(Dataset entries)
========================================================================

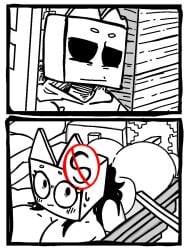 1boy 1boy1girl 1girls black_white blush boat box breasts breasts_out curvy disappointed_look doodle hoodie inkzan minecraft naked oc original_character thick_ass thick_thighs thighs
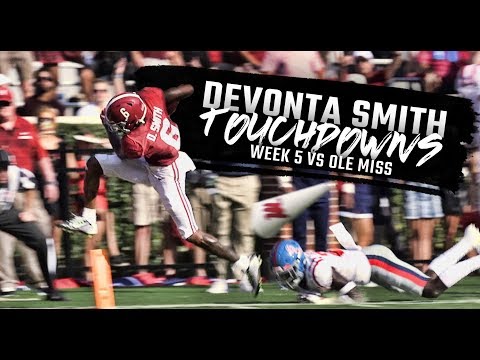 Watch DeVonta Smith's record-breaking 5 touchdowns vs Ole Miss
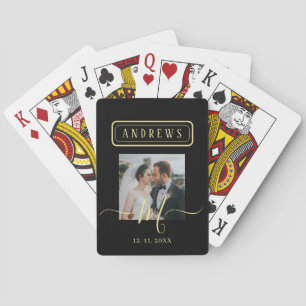 Personalized Black & Gold Photo Signature Wedding  Poker Cards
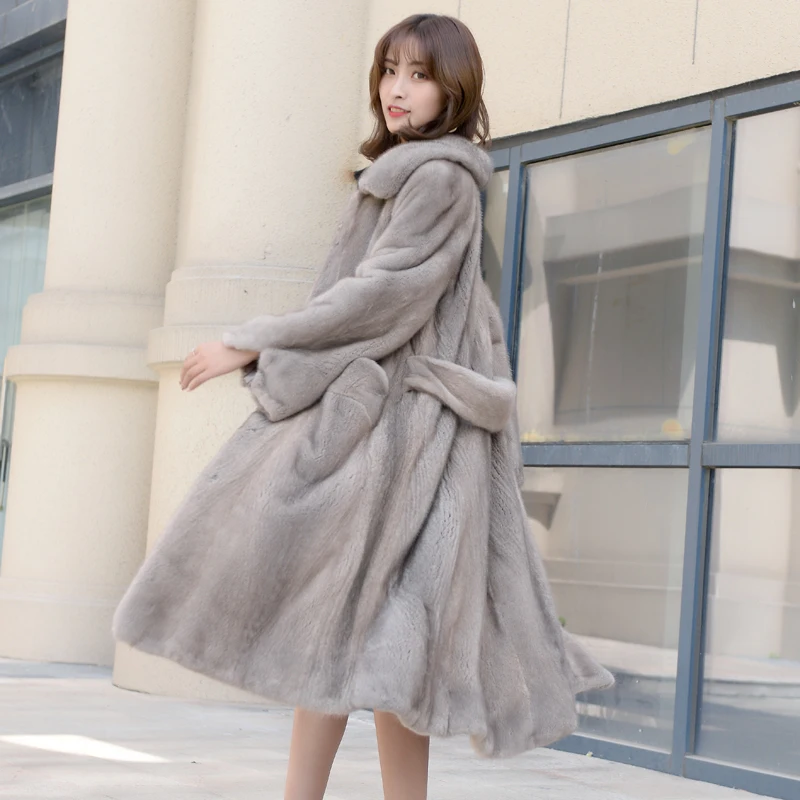 inverno новая полностью из норки шуба longa seque das mulheres Da Moda simples e generoso норковая шуба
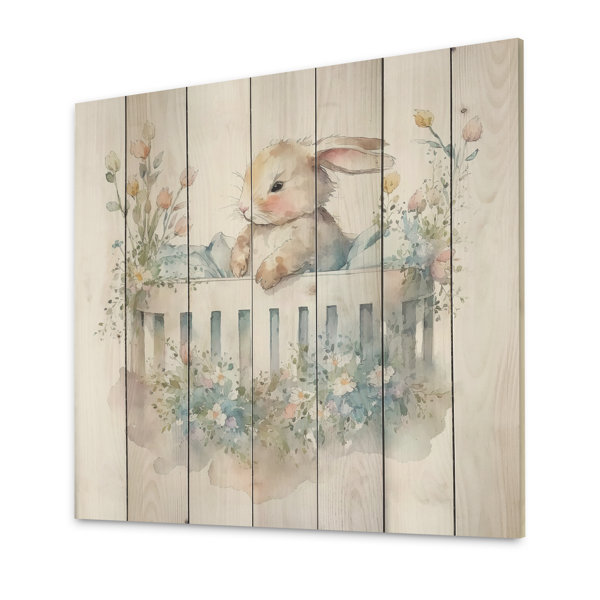 Zoomie Kids Napoleon Baby Bunny In Crib With Flowers II On Wood Print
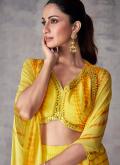 Embroidered Georgette Yellow Jacket Style Suit - 1
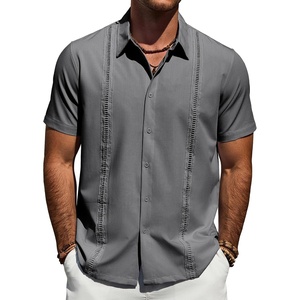 image:imageMens Cuban Guayabera Short Sleeve Button Down Shirt Casual Beach Summer  Lightweight Breathable Collared Untucked Daily Wear Cruise Dinner Resort Walk Vacation Party Wedding SolidDeep Grey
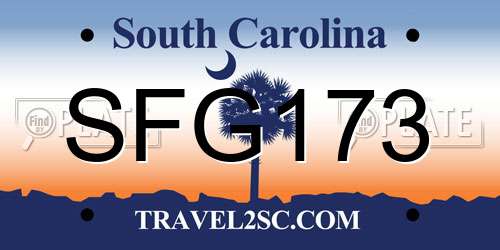SFG173 South Carolina License Plate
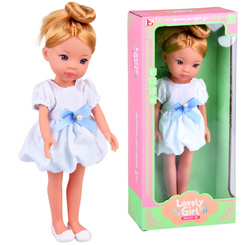 Lovely Girl Doll with Blonde Bun in White Dress 33cm ZA5850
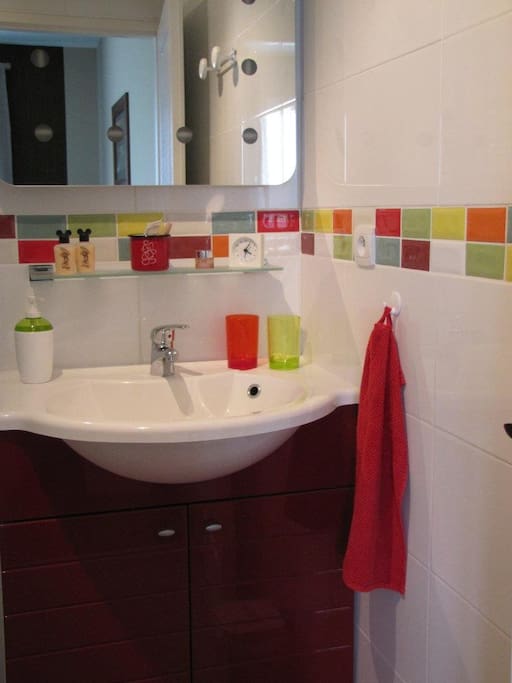 salle de douche colorée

========================================================================

**WORK INSTRUCTION:**
The data above should be returned in full, exactly as written, apart from its images.

**TASK SOLUTION:**
 1boy 1boy1girl 1girls black_white blush boat box breasts breasts_out curvy disappointed_look doodle hoodie inkzan minecraft naked oc original_character thick_ass thick_thighs thighs
 Watch DeVonta Smith's record-breaking 5 touchdowns vs Ole Miss
 Personalized Black & Gold Photo Signature Wedding  Poker Cards
 inverno новая полностью из норки шуба longa seque das mulheres Da Moda simples e generoso норковая шуба
 Zoomie Kids Napoleon Baby Bunny In Crib With Flowers II On Wood Print
 Embroidered Georgette Yellow Jacket Style Suit - 1
 image:imageMens Cuban Guayabera Short Sleeve Button Down Shirt Casual Beach Summer  Lightweight Breathable Collared Untucked Daily Wear Cruise Dinner Resort Walk Vacation Party Wedding SolidDeep Grey
SFG173 South Carolina License Plate
 Lovely Girl Doll with Blonde Bun in White Dress 33cm ZA5850
 salle de douche colorée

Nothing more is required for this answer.